Suppose $U$ is the power set of the set $S=\{1,2,3,4,5,6\}$. For any $TϵU$, let $|T|$ denote the number of elements in $T$ and $T^{{}^{\prime }}$ denote the complement of $T$. For any $T,RϵU$, let $TR$ be the set of all elements in $T$ which are not in $R$. Which one of the following is true?

• A. $\forall XϵU(|X|=|X^{{}^{\prime }}|)$
• B. $\exists XϵU\forall YϵU(|X|=5,|Y|=5)$ and $X\cap Y=\Phi$
• C. $\forall XϵU\forall YϵU(|X|=2,|Y|=3)$ and $X$\$Y=\Phi$
• D. $\forall XϵU\forall YϵU$ ($X$ \ $Y=Y^{{}^{\prime }}$ \ $X^{{}^{\prime }})$

Answer 1

The correct option is D $\forall XϵU\forall YϵU$ ($X$ \ $Y=Y^{{}^{\prime }}$ \ $X^{{}^{\prime }})$

$S=\{1,2,3,4,5,6\}$
$U$ is the power set of $S\Rightarrow U=P\left(S\right)$
$U=\left\{\right\{\left\}\right\{1\},\{2\},\dots \{1,2\},\{1,3\},\dots \{1,2,3\},\dots \{1,2,3,4\},\dots \{1,2,3,4,5\}\dots \{1,2,3,4,5,6\left\}\right\}$
$|U|=2^6=64\text{elements}$
$TϵU\Rightarrow T^{{}^{\prime }}ϵU$
$RϵU,T$ \ $R=T-R$
(a) $\forall XϵU(|X|=|X^{{}^{\prime }}|)$ means that every subset of $S$ has same size as its complement. Clearly this is False.
(For example, $\left\{1\right\}ϵU$, and complement of $\left\{1\right\}=\{2,3,4,5,6\})$

(b)$\exists XϵU\forall YϵU(|X|=5,|Y|=5)$ and $X\cap Y=\Phi$ means that there are two 5 element subsets of $S$ which have nothing in common. This clearly False.
Since any two 5 element subsets will have atleast 4 elements in common.

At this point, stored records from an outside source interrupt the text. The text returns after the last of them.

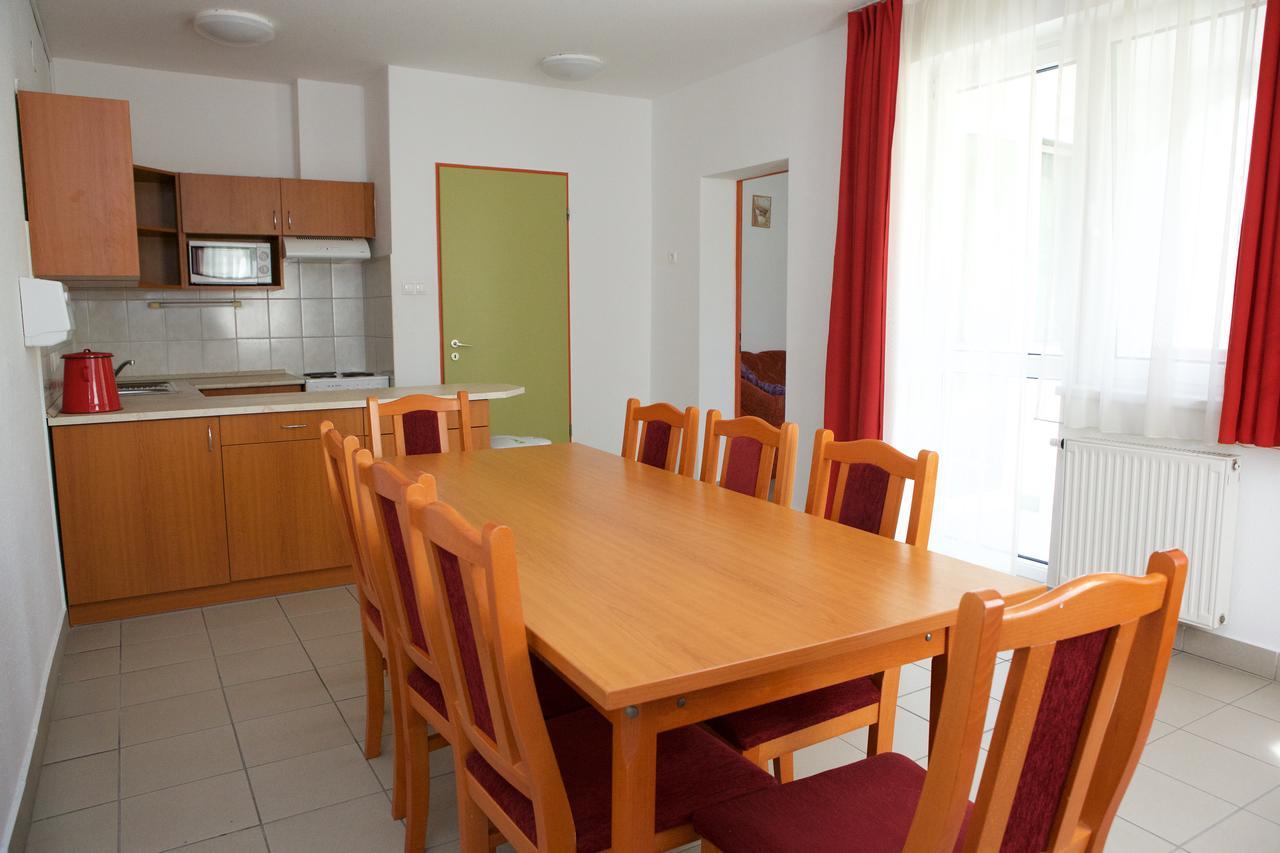 דברצן Auguszta Hotel מראה חיצוני תמונה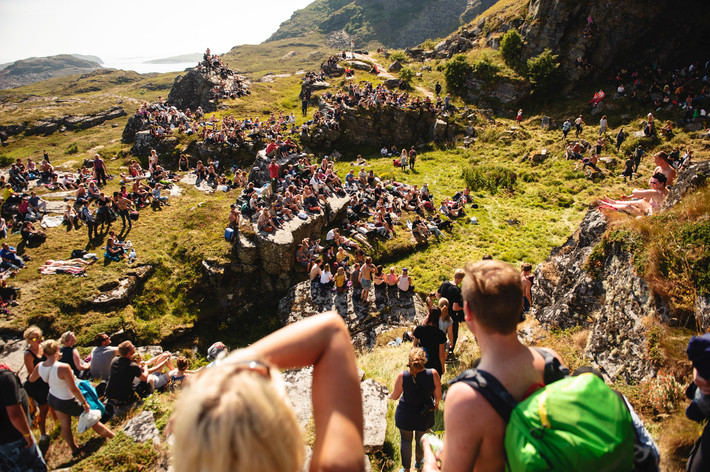 2014-07-12 - Områdesbilder från Trænafestivalen, Træna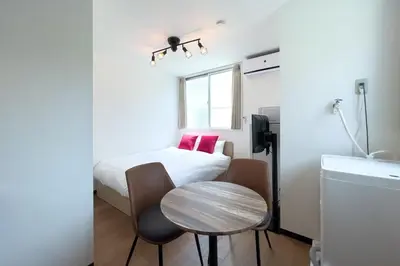 a small room with a bed and a table at \u30a8\u30ec\u30ac\u30f3\u30c8\u30cf\u30a6\u30b9 in Tokyo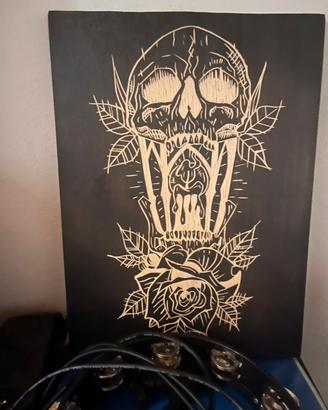 Tavola intagliata a mano skull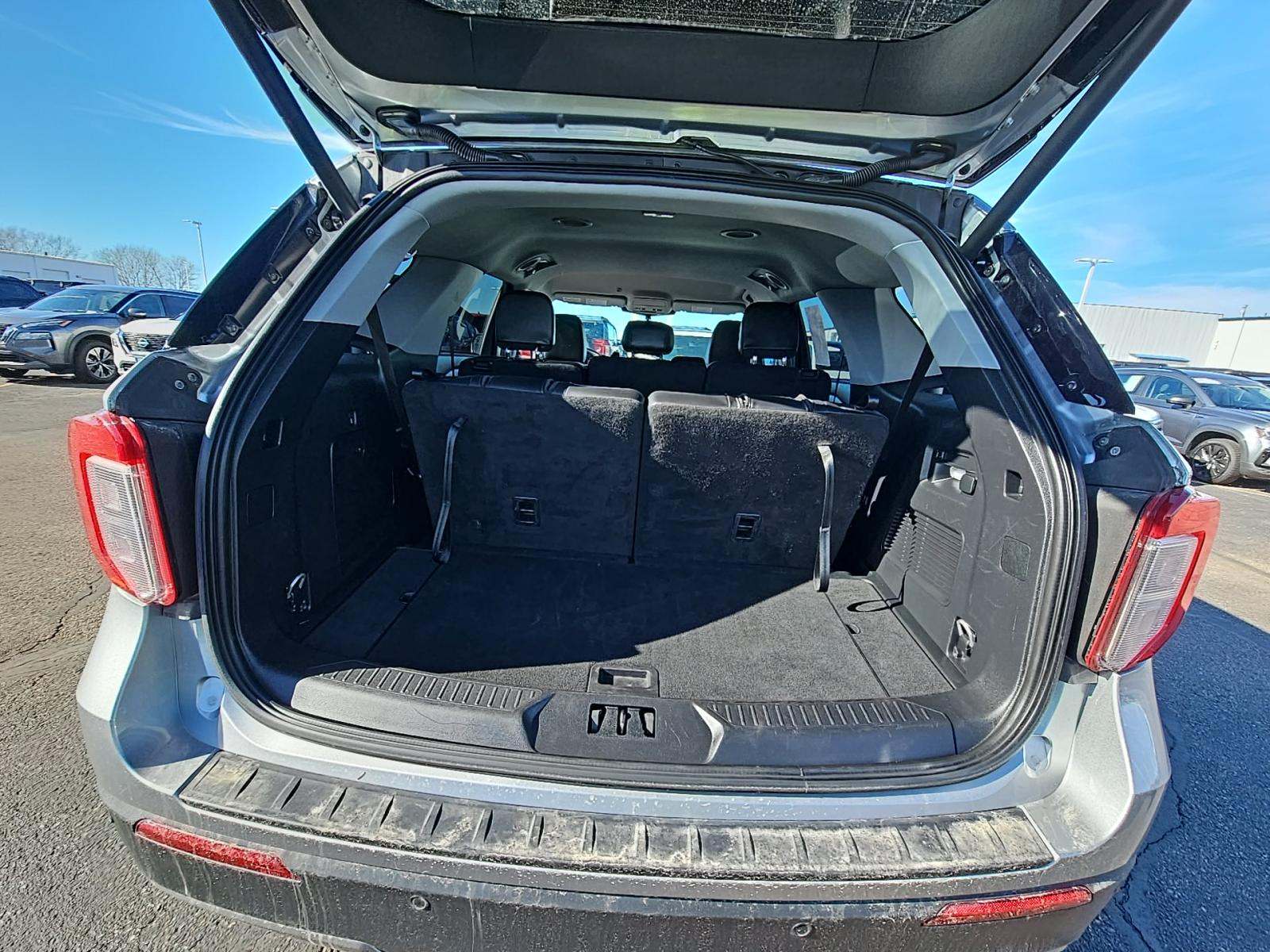 2023 Ford Explorer XLT AWD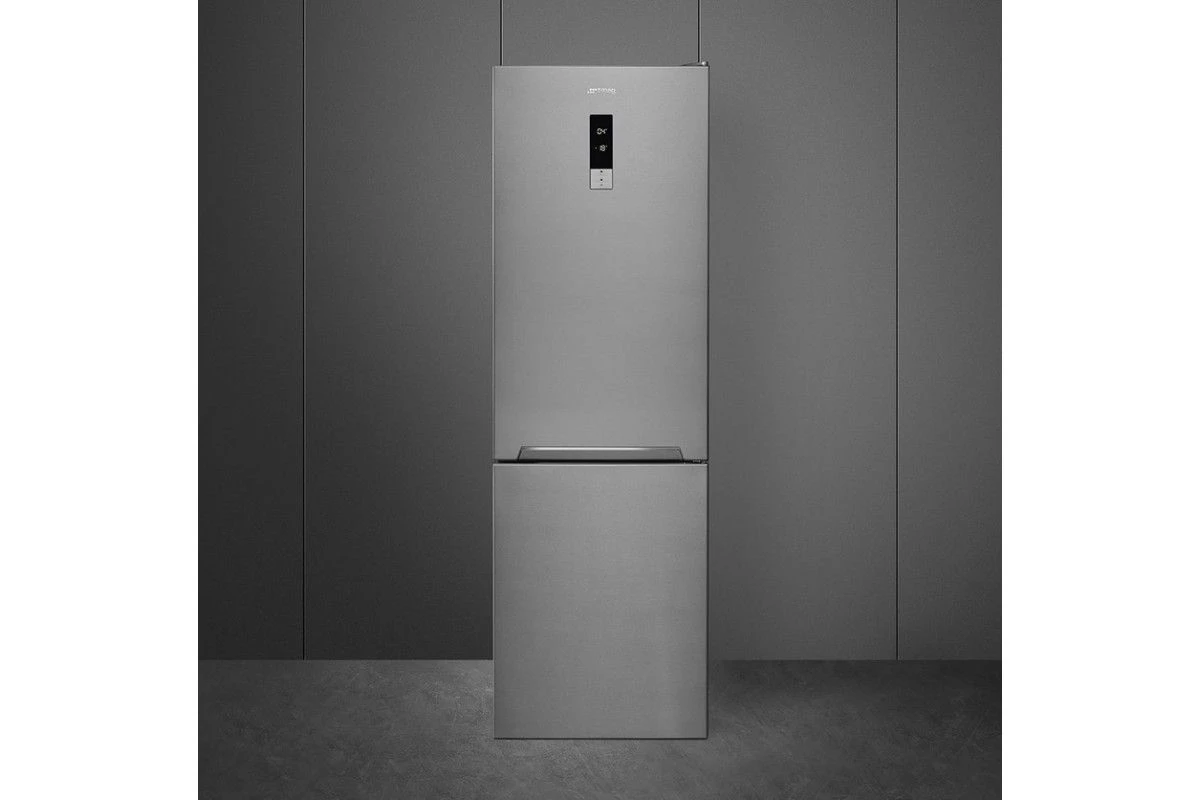 Холодильник Smeg FC18EN4AX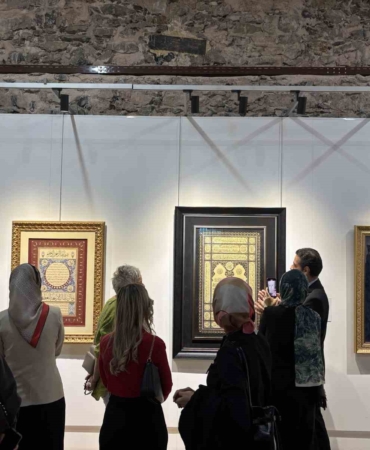 Sonsuz Desenlerde Altın İzler Hat ve Tezhip Sergisi Dolmabahçe Sarayı’nda sanatseverler ile buluştu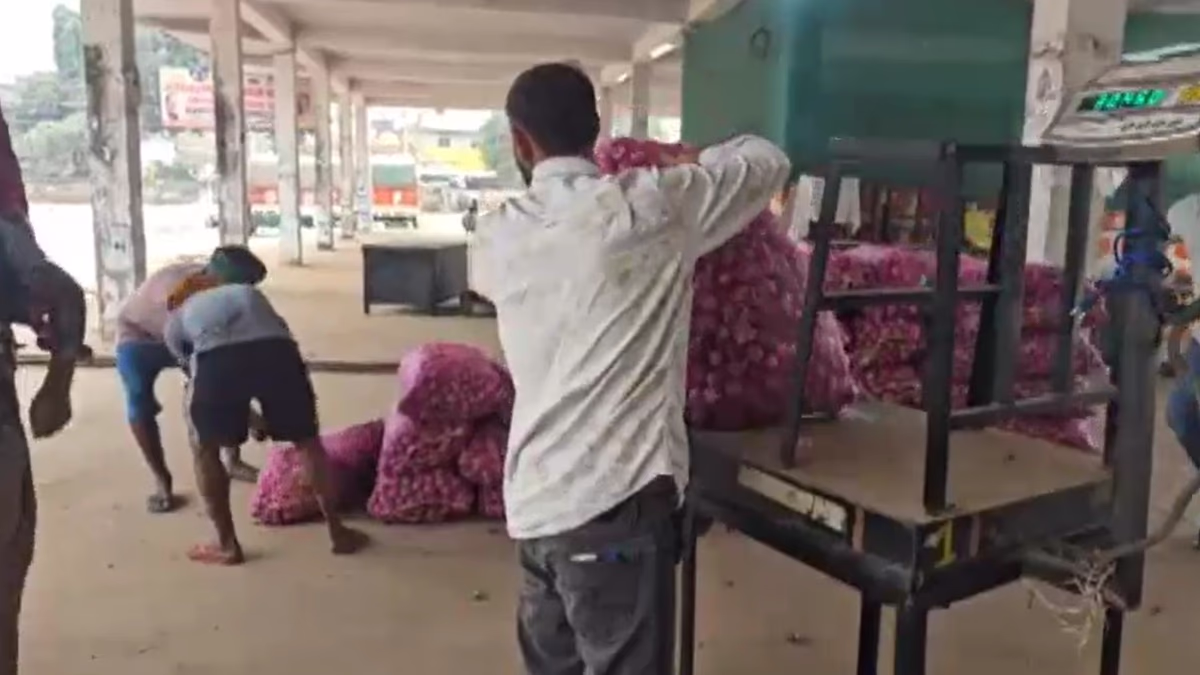 Farmers faced challenges with onion prices in Alwar, which is the second largest market after Nasik.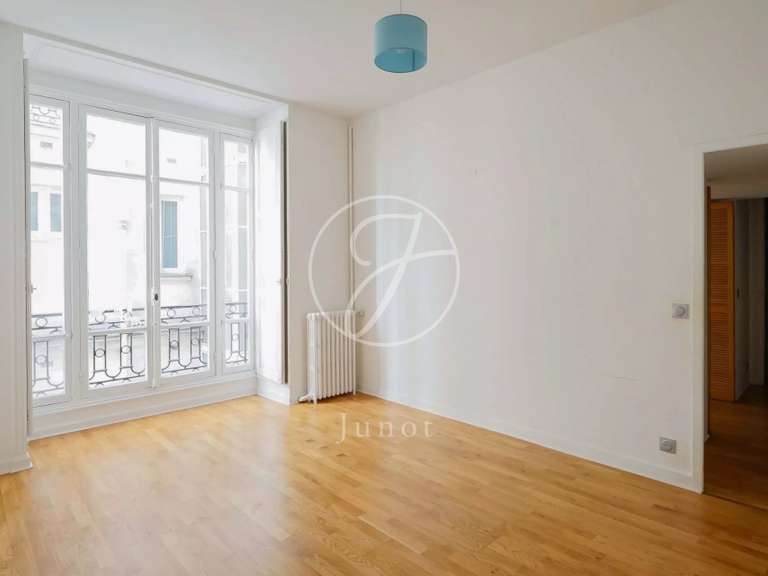 Appartement Paris 9e - 3 chambres - 117m²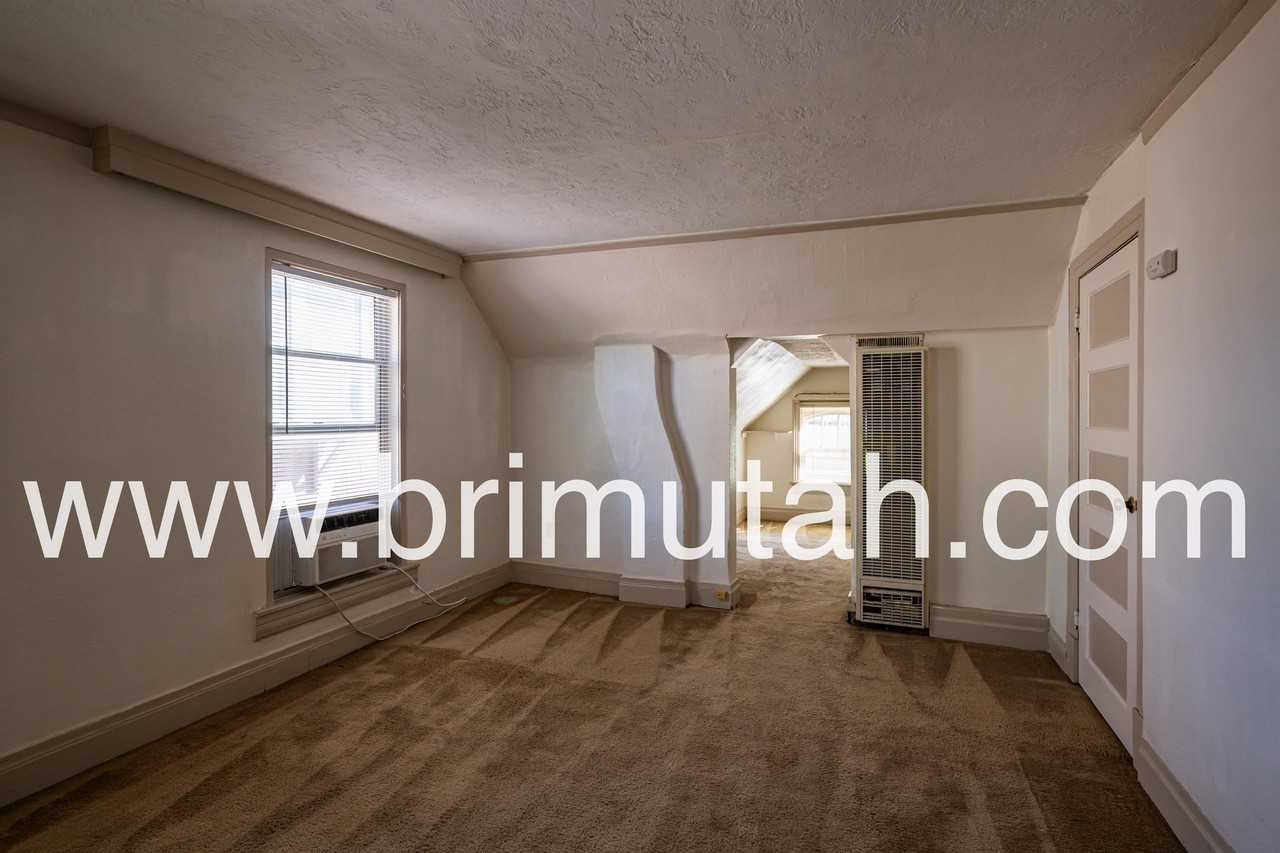 368 S. University St. - Photo 3 of 25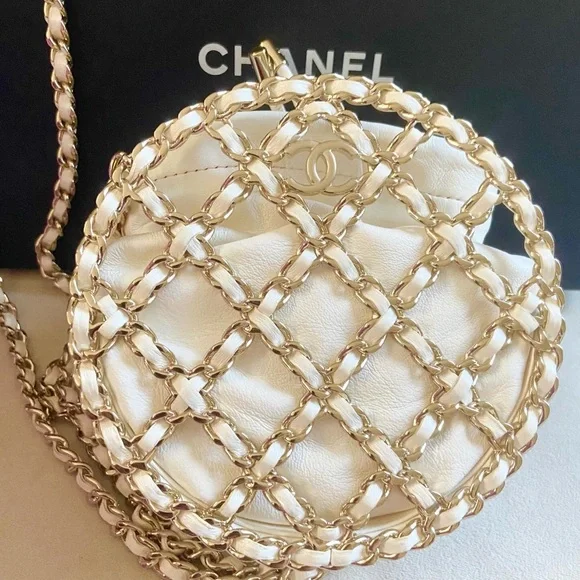 🔥Rare🔥 Chanel Drawstring Caged Chain Around Crossbody 💢Will fit a phone💢 - Picture 1 of 12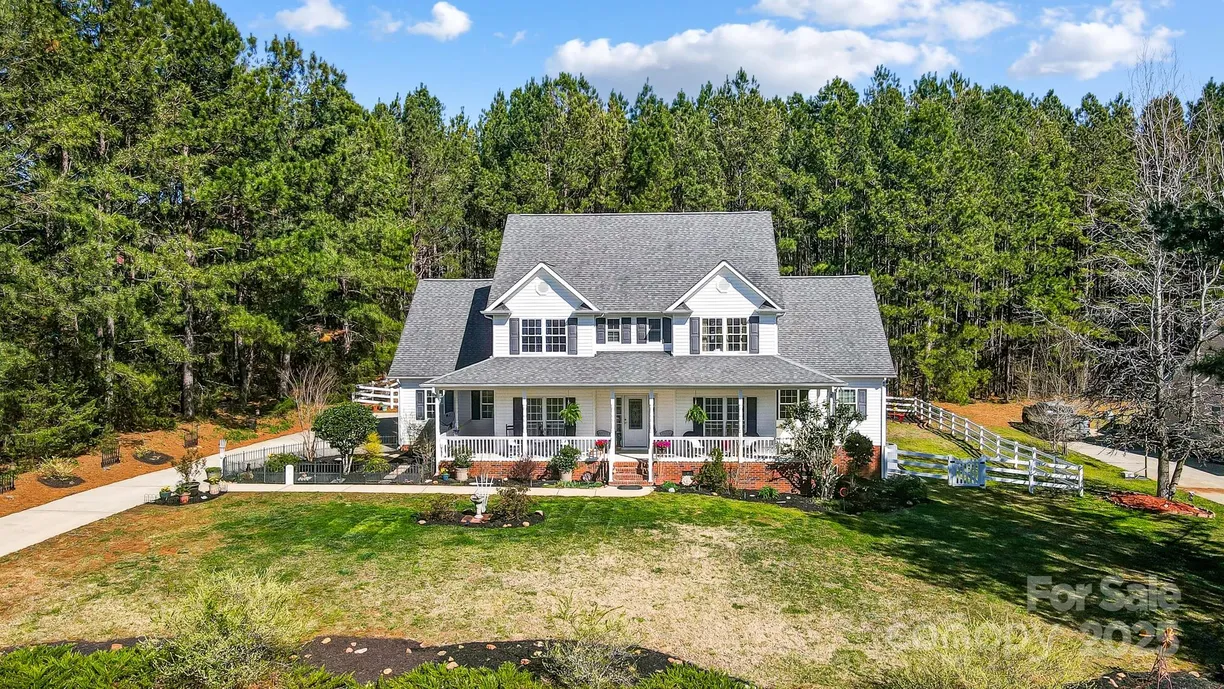 Charlotte Real Estate | View 932 Dovefield Drive | 3 Beds, 2 Baths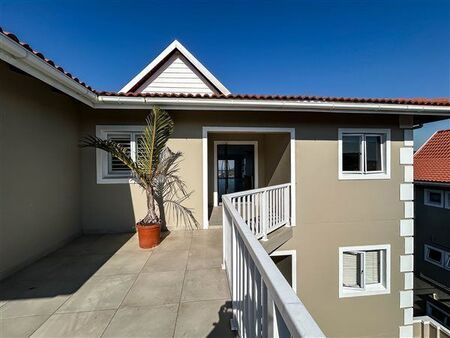 3 Bedroom Apartment in La Mercy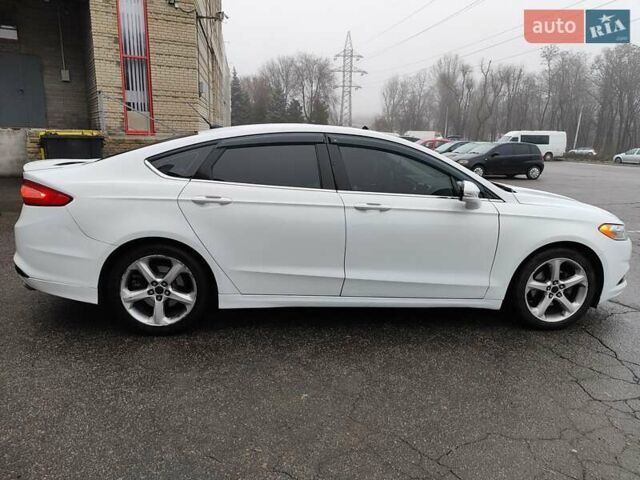 Белый Форд Фьюжн, объемом двигателя 2.5 л и пробегом 216 тыс. км за 8500 $, фото 6 на Automoto.ua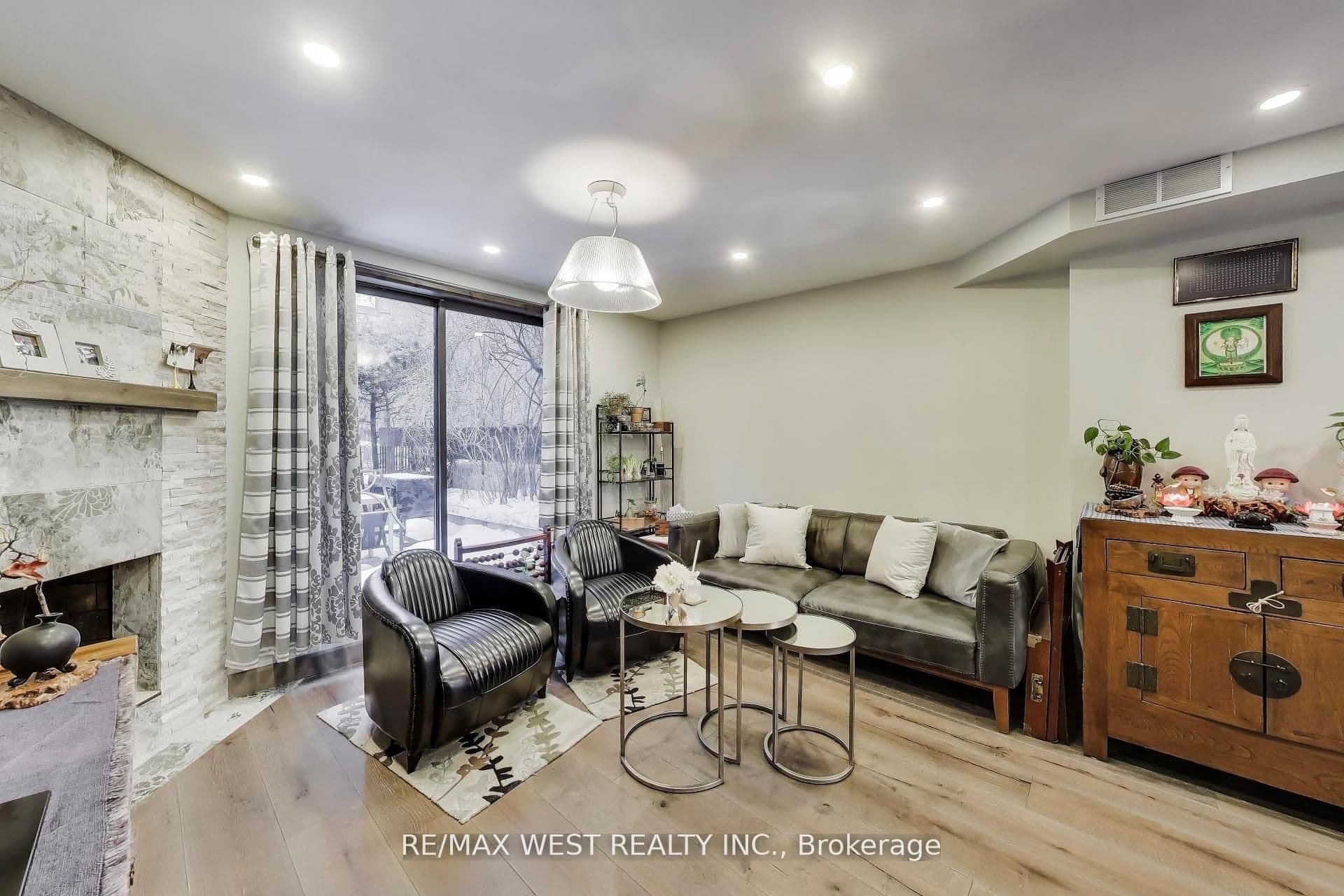 21 Dundonald Street, Toronto, ON M4Y 1K3
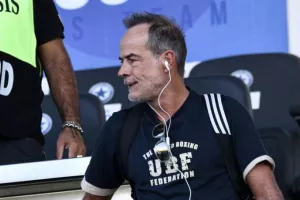 Δούκας σε Καραπαπά: «Να προσέχεις την οσφυαλγία» (φώτο)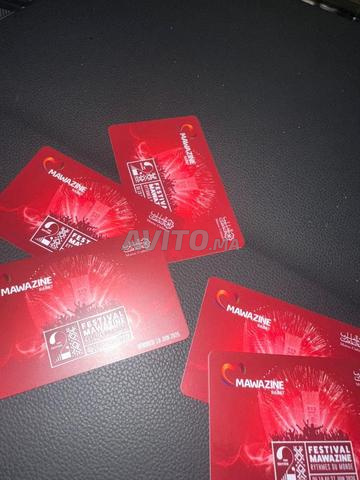 Cartes Black avec macaron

(c) $\forall XϵU\forall YϵU(|X|=2,|Y|=3)$ and $X$\$Y=\Phi$ means that every 2 element subset $X$ and every 3 element subset $Y$ will have $X-Y=0$ i.e., $X\subseteq Y$.
This is clearly False as can be seen from the example $X=\{1,2\},Y=\{3,4,5\}$ where $X\text{/}\subseteq Y$

(d) $\forall XϵU\forall YϵU$ ($X$ \ $Y=Y^{{}^{\prime }}$ \ $X^{{}^{\prime }})$ means that for any two subsets $X$ and $Y$, $X$ \ $Y=Y^{{}^{\prime }}$\ $X^{{}^{\prime }}$
i.e. $X-Y=Y^{{}^{\prime }}-X^{{}^{\prime }}$.
This is clearly True since by boolean algebra
LHS $=X-Y=X{Y}^{{}^{\prime }}$.
RHS $=Y^{{}^{\prime }}-X^{{}^{\prime }}=Y^{{}^{\prime }}X$ and therefore LHS = RHS.